__Dataset excerpts__.
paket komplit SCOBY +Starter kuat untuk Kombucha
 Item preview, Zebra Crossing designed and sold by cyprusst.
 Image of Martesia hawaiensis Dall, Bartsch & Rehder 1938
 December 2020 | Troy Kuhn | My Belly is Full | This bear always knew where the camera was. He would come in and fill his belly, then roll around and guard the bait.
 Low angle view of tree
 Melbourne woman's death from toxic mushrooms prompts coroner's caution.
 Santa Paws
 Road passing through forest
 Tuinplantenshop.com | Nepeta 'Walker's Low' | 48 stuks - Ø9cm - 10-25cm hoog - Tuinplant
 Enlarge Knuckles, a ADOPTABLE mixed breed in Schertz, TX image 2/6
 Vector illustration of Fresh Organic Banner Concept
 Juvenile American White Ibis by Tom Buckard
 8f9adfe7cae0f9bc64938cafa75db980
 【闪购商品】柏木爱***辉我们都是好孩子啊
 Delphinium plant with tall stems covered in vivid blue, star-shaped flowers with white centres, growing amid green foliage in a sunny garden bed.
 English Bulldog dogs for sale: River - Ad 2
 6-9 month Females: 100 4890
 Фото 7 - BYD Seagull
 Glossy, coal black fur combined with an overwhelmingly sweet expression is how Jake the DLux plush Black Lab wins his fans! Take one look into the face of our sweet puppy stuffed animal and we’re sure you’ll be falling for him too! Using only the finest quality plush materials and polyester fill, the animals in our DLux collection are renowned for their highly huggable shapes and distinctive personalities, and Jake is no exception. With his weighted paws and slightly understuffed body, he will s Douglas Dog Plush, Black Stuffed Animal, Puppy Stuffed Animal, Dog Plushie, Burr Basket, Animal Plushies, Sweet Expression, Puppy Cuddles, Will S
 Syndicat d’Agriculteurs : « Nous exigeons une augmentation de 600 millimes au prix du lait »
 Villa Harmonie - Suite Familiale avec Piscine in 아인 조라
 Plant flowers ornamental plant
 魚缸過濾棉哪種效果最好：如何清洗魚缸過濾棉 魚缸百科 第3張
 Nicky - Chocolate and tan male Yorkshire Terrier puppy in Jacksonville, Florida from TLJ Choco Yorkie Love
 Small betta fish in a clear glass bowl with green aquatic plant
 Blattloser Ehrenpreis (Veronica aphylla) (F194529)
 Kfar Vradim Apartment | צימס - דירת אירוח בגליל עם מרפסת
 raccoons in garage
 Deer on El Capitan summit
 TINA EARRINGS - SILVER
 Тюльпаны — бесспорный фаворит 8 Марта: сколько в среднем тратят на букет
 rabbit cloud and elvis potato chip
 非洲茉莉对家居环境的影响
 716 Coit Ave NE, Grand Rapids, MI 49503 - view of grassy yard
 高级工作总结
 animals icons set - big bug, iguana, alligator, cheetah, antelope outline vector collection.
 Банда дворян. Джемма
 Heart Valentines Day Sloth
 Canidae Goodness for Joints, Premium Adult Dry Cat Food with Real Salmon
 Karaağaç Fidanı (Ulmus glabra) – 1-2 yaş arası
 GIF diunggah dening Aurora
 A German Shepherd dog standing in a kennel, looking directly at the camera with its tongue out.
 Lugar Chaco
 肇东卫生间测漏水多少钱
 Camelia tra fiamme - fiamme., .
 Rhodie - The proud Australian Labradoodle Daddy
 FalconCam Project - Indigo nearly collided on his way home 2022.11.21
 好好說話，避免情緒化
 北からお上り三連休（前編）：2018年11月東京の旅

__EXERCISE__.
Reproduce exactly the lines that run from the start of the records to the line with "Road passing through forest", both included.

__SOLVED PROBLEM__.
paket komplit SCOBY +Starter kuat untuk Kombucha
 Item preview, Zebra Crossing designed and sold by cyprusst.
 Image of Martesia hawaiensis Dall, Bartsch & Rehder 1938
 December 2020 | Troy Kuhn | My Belly is Full | This bear always knew where the camera was. He would come in and fill his belly, then roll around and guard the bait.
 Low angle view of tree
 Melbourne woman's death from toxic mushrooms prompts coroner's caution.
 Santa Paws
 Road passing through forest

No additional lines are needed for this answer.